In this article and the next, we'll work through an example, showing you the steps required to set up a training dataset, formulate a predictive model and then test this model against real data to determine its usefulness.
The question: what sorts of people survived the Titanic disaster?
We'll use a well-known training dataset that contains passenger data from the ill-fated Titanic ship. Thought of as unsinkable, the ship hit an iceberg on its maiden voyage and sank in the seas off Canada with the loss of over 1,500 lives. The dataset we'll use lists, for each passenger, their key attributes like fare paid, class of service and age (the independent variables) . It also contains a key 'outcome' attribute (the dependent variable) - did the passenger survive the disaster of the ship's sinking or not? Using a decision tree, we'll take this training dataset and let RapidMiner choose the best attributes to predict survival, and then we'll test the model to see how 'good' the predictions are by measuring what the model says versus what actually happened.

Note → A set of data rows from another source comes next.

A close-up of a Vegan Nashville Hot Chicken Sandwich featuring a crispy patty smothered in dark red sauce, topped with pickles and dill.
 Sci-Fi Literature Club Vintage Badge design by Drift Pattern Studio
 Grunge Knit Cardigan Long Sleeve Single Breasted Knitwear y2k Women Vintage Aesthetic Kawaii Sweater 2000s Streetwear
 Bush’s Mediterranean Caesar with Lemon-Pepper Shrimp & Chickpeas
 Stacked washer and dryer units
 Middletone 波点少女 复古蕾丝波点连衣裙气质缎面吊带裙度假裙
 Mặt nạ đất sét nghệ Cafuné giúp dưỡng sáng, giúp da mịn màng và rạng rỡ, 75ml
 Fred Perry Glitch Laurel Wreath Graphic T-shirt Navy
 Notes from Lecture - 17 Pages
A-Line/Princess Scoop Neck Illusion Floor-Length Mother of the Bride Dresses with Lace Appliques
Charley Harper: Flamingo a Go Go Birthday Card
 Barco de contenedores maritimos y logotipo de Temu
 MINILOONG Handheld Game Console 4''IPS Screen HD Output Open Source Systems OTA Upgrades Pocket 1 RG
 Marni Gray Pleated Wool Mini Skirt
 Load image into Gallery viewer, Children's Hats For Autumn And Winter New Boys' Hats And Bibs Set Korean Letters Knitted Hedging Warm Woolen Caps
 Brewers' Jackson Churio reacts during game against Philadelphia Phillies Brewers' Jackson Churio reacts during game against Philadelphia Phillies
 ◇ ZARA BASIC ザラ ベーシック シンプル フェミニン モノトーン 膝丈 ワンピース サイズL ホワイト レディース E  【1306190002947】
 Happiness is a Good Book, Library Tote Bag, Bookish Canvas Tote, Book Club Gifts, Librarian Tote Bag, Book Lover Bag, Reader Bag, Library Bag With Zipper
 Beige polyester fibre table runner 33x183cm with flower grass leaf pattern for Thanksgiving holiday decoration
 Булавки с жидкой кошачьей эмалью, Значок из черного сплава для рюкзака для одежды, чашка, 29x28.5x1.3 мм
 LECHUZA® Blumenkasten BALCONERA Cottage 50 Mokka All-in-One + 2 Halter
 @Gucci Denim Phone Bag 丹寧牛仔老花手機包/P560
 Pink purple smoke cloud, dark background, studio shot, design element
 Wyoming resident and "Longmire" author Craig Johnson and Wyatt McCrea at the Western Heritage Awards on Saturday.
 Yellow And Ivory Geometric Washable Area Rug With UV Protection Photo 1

Step 1: Getting the Titanic 'survival' data
The first step is to get hold of the Titanic dataset. There are numerous versions available on the web, but the one we're using can be downloaded here. It's worth opening this file in Excel first to get a quick overview of its contents. The dataset is a passenger list, and for each passenger you can see the following attributes:
|name||The name of the passenger|
|age||Age in years|
|fare||The fare paid|
|pclass||An integer from 1 to 3, representing the class of travel (1=First class, 2=Second class etc.)|
|sex||Gender of passenger (M=Male, F=Female)|
|survived||A flag representing whether the passenger survived (1) or not (0)|
Now let's start up RapidMiner to develop our predictive model. First, create a new process using the 'blank' template. You should see an empty Process panel to which we'll add the required RapidMiner operators. We'll now step through each of the operators in sequence.
Step 2. Read the data into RapidMiner
As our training dataset is in Excel format, we'll use the '
Read Excel' operator. Find the operator in the Operators panel, then drag it across to the Process panel. Each operator has a set of parameters, and the first one to fill in, in this case, is the 'excel name'. Use the browser icon to find your file (Titanic3.xls). The easiest way to set up a dataset correctly in RapidMiner is to use the Import Configuration Wizard, but before doing this click the 'first row as names' checkbox to ensure these are used. After clicking the wizard button, you'll be taken through the steps required to convert your Excel data into a RapidMiner dataset. As you step through the wizard let RapidMiner choose the default attribute types and roles, although we'll be adjusting one of them using the '
Set Role' operator later (Step 4 below).
At this point you might like to take a look at the data in RapidMiner. You can do this by connecting the 'out' port of the '
Read Excel' operator to the 'res' (Results) port on the right hand side of the screen. Save your model as something like 'TitanicSurvivalPredictor' and click 'Run'. You should now see a table of the Excel files contents, with the first row used as the attribute names.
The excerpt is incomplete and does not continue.